Houve uma verdadeira guerra pela ocupação das Comissões Técnicas da Assembléia Legislativa do Amazonas. Todos os deputados querem dar o máximo de visibilidade aos mandatos – o vulgo diria, de forma direta e impiedosa, “todos querem aparecer”. Até aí, nada de errado. Ocorre que, após a conquista do cargo, as tarefas do dia seguinte chamam os eleitos.
Presidente de Comissão tem, por exemplo, direito a escolher os assessores que ocuparão cargos de confiança. Que tal, agora que a legislação veda o nepotismo (contratação de parentes), direto ou cruzado (um contrata o parente do outro), chamar técnicos que estejam à altura do desafio de estruturar um Estado complexo que nem o nosso?
Advogados, engenheiros, economistas, sociólogos, assistentes sociais, pedagogos são indispensáveis nas comissões de Constituição e Justiça, Infraestrutura, Economia e Finanças, Educação etc. Como é possível dispensar pedagogo na discussão da questão educacional? Pois acontece.

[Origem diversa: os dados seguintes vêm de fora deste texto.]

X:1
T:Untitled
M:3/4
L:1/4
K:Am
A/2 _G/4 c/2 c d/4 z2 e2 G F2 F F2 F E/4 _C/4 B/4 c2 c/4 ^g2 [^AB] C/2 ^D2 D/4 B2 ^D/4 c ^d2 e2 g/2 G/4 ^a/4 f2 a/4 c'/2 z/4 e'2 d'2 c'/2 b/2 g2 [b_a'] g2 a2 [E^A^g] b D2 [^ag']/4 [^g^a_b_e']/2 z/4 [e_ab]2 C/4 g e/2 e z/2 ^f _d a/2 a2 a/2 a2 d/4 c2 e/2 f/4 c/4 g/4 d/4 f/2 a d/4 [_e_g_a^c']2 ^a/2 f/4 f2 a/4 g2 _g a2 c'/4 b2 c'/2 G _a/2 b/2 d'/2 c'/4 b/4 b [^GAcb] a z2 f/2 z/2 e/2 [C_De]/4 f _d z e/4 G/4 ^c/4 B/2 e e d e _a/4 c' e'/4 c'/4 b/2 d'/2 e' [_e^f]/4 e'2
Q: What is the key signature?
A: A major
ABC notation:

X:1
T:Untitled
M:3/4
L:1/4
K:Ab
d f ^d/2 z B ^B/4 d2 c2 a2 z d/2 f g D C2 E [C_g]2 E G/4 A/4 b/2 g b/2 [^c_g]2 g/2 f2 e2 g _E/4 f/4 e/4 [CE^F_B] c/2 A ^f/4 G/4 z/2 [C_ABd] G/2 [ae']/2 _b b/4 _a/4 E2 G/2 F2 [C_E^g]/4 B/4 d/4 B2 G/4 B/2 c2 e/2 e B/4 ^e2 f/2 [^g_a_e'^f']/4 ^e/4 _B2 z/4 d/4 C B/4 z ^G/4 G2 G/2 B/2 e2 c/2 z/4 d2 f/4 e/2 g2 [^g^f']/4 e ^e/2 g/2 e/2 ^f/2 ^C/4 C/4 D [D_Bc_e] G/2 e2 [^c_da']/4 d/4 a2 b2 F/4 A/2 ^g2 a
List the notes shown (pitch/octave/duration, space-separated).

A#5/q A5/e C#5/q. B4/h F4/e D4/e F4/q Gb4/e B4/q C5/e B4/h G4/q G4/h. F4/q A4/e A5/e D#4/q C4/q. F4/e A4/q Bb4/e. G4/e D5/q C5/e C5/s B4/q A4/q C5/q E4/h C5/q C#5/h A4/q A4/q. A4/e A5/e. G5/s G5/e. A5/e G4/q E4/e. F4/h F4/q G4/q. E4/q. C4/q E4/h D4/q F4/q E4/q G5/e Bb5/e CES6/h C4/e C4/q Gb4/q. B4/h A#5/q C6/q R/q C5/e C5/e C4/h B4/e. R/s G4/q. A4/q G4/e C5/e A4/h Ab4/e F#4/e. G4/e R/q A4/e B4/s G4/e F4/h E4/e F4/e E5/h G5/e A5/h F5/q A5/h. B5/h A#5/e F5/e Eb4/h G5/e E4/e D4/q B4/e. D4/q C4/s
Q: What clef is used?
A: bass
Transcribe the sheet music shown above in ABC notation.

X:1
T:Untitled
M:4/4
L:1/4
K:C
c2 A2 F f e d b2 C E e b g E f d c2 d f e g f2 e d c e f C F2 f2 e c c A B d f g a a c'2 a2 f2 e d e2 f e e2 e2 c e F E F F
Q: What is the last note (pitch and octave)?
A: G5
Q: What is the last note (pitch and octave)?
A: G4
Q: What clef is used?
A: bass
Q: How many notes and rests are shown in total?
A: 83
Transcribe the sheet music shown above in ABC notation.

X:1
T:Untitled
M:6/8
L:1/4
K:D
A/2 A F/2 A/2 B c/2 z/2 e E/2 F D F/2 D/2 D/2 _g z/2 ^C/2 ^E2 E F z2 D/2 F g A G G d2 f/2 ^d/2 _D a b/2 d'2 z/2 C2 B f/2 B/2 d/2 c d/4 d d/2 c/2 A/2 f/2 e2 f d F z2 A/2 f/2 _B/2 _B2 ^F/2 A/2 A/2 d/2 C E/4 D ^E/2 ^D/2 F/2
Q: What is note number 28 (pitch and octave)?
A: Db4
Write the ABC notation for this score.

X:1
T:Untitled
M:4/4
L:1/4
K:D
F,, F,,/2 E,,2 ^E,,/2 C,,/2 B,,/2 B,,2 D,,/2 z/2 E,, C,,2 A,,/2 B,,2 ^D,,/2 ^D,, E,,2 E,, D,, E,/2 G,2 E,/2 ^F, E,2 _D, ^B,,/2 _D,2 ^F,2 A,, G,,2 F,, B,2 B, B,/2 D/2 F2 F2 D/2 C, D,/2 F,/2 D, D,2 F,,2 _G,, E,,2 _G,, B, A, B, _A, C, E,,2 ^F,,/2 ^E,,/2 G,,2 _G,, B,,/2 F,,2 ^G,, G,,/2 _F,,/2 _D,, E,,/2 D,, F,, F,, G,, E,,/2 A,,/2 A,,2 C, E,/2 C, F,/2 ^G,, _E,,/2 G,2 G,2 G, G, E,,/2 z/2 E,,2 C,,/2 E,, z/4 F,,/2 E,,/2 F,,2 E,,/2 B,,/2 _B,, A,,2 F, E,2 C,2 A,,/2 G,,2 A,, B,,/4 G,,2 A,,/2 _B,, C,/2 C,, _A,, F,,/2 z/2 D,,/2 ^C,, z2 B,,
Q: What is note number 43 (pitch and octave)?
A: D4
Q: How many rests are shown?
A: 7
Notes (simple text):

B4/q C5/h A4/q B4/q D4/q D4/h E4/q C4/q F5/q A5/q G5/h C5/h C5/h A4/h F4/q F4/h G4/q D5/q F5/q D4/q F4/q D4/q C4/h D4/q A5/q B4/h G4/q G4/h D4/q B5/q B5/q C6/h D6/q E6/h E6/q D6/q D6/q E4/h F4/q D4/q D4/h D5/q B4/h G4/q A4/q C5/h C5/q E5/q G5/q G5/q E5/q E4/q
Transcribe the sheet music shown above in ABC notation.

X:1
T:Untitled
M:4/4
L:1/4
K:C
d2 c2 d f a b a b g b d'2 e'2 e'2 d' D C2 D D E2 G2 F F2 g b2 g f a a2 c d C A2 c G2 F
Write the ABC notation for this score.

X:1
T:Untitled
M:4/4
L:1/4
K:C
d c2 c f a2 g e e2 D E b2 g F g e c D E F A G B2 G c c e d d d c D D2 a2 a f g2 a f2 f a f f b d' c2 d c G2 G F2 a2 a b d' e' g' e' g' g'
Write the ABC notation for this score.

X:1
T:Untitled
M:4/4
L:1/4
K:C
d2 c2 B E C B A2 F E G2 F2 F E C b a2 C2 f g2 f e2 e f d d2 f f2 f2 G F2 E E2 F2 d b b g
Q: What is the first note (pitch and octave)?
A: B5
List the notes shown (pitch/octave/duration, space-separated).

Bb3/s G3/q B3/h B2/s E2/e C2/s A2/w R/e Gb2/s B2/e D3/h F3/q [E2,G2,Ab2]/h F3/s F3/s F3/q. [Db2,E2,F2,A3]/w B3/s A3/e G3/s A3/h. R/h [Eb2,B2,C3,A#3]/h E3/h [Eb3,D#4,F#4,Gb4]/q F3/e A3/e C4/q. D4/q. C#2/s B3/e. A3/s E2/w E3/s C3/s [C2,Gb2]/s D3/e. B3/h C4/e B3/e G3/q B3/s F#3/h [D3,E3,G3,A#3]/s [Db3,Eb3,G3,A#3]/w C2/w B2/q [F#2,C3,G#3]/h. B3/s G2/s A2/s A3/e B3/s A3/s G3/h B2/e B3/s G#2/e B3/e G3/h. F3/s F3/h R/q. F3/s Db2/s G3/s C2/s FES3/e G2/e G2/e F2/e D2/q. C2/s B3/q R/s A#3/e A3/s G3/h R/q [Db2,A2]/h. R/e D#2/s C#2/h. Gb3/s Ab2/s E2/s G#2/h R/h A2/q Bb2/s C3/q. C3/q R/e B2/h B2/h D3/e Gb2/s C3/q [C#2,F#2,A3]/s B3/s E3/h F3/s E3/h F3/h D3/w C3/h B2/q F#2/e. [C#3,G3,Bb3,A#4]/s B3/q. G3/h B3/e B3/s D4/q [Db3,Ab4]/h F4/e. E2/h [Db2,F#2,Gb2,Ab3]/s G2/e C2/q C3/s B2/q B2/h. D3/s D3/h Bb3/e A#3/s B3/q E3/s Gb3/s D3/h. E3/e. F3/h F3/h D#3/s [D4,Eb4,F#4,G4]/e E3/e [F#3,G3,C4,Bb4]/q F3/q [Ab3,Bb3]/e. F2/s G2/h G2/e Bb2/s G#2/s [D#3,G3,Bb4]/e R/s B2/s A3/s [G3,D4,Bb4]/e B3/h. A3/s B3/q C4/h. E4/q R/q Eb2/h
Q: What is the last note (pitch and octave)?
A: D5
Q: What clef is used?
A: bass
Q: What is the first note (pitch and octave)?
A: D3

Os presidentes, agora que venceram a justa batalha de ocupar o cargo, têm a obrigação de vir a público e explicar os seus planos de trabalho. Querem um prazo? O fim de fevereiro é razoável. A partir daí, sem mais nem menos, vamos armar uma trincheira na porta da Assembléia Legislativa e exigir, de um por um, o planejamento que suas equipes prepararam.
Chega de a Assembléia Legislativa agir como mera depositária das vontades do governador. Parlamentares lúcidos, ativos, atuantes podem – e devem! – ajudar muito o chefe do Executivo.